Malgrado le dichiarazioni trionfali dell’esercito regolare, che da settimane parla di una “vittoria imminente”, in Sudan la guerra civile sembra ancora lontana dall’epilogo. I gruppi ribelli delle Rapid Support Forces (RSF), infatti, non sembrano affatto sconfitti e, per il terzo giorno consecutivo, hanno lanciato una serie di attacchi contro la città orientale di Port Sudan, colpendo con droni kamikaze l’aeroporto – che ha immediatamente sospeso tutti i voli – e una base militare.

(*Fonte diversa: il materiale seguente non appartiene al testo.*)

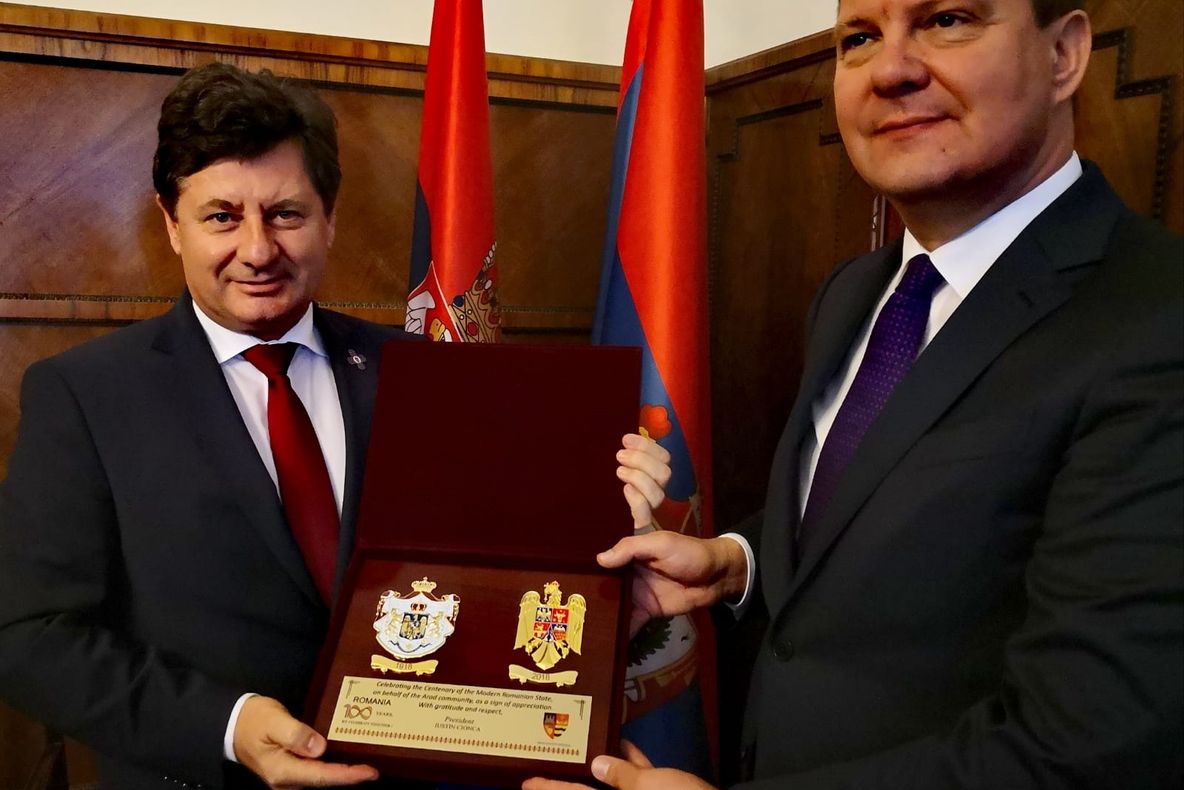 Arad: Județul Arad s-a înfrățit cu Provincia Autonomă Voivodina. România și Serbia, 100 de ani de la înfiițare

Fortunatamente il blitz non ha causato vittime, ma cresce il timore per la sorte della popolazione civile, che trova riparo nella città da cui, secondo fonti locali, è pressoché “impossibile fuggire”.
Sudan in fiamme: i ribelli non si arrendono e lanciano un grande attacco contro la città di Port Sudan, già sede del centro di comando dell’esercito regolare
Feroci scontri che, secondo il segretario generale delle Nazioni Unite, António Guterres, costituiscono “uno sviluppo preoccupante che minaccia la protezione dei civili e le operazioni umanitarie in un’area precedentemente risparmiata dal conflitto”. Una guerra, quella in Sudan, che l’ONU non esita a definire “la peggiore catastrofe umanitaria al mondo”, avendo già causato la morte di decine di migliaia di persone e lo sfollamento di oltre 13 milioni di civili.
Dello stesso avviso anche l’Unicef che nei giorni scorsi aveva già denunciato le barbarie di questa sanguinosa guerra, affermando che negli ultimi 12 mesi il numero di minorenni che hanno bisogno di assistenza umanitaria nel Paese è raddoppiato, passando dai 7,8 milioni dell’inizio del 2023 agli oltre 15 milioni attuali.